Records from a collection
------------------------------------

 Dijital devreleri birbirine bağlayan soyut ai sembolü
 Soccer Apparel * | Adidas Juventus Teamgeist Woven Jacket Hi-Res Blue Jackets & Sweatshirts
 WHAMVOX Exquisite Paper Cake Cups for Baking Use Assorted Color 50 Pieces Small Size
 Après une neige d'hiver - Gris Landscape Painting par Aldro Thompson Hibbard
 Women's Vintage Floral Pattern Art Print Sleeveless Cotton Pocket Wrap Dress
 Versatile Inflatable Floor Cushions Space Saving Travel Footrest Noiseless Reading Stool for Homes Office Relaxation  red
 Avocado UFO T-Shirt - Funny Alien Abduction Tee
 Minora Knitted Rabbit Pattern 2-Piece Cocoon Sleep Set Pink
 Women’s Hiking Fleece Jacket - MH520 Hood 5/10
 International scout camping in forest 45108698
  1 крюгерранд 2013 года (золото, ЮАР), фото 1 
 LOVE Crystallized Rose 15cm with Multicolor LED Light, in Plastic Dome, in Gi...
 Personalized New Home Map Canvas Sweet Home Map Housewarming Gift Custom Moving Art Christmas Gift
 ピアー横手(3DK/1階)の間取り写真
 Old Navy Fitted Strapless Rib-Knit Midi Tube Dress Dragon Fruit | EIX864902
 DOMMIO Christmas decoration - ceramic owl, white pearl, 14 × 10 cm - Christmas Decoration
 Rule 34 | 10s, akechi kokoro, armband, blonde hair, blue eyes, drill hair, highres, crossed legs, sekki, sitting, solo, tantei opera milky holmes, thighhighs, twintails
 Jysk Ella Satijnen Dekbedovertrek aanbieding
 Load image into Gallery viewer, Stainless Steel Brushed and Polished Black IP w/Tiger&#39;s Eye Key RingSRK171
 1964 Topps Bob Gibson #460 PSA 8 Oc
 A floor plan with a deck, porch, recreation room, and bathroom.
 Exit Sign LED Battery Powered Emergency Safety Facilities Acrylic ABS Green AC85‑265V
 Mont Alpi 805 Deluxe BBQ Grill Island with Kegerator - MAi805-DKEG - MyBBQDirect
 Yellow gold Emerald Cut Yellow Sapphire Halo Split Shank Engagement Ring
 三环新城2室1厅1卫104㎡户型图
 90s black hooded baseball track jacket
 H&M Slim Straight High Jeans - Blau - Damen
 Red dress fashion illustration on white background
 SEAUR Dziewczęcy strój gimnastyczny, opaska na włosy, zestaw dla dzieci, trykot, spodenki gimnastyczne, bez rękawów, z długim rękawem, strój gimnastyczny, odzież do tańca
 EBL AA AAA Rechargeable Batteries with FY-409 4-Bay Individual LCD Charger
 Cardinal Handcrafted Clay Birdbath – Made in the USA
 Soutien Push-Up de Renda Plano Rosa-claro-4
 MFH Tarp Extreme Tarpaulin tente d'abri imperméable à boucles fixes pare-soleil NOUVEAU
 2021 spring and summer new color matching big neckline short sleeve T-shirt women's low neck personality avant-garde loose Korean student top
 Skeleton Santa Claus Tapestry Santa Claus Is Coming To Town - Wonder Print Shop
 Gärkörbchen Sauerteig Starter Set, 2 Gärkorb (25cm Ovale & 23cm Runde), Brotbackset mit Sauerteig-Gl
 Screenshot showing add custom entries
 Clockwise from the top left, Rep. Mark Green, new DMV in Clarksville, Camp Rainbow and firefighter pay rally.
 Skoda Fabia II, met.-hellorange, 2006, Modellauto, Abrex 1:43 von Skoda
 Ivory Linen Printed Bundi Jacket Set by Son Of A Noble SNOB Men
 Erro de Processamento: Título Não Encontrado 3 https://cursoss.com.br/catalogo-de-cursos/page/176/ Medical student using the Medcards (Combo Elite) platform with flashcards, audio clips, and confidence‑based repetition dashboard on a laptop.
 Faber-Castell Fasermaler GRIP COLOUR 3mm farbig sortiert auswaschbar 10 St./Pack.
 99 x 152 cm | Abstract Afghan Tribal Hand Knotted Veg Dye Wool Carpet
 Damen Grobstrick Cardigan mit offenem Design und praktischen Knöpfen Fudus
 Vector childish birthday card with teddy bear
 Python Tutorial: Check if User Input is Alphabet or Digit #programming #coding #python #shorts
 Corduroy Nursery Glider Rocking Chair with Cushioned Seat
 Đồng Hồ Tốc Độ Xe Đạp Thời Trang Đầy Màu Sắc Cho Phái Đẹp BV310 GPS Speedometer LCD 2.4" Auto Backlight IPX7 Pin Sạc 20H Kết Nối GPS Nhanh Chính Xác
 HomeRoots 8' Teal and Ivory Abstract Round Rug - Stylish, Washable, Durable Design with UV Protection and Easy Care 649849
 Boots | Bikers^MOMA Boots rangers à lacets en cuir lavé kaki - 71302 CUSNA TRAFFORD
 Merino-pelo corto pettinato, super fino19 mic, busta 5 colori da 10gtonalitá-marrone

------------------------------------

**WORK INSTRUCTIONS**
If a line above includes the string "Damen", pick it out.

**EXERCISE OUTPUT**
 H&M Slim Straight High Jeans - Blau - Damen
 Damen Grobstrick Cardigan mit offenem Design und praktischen Knöpfen Fudus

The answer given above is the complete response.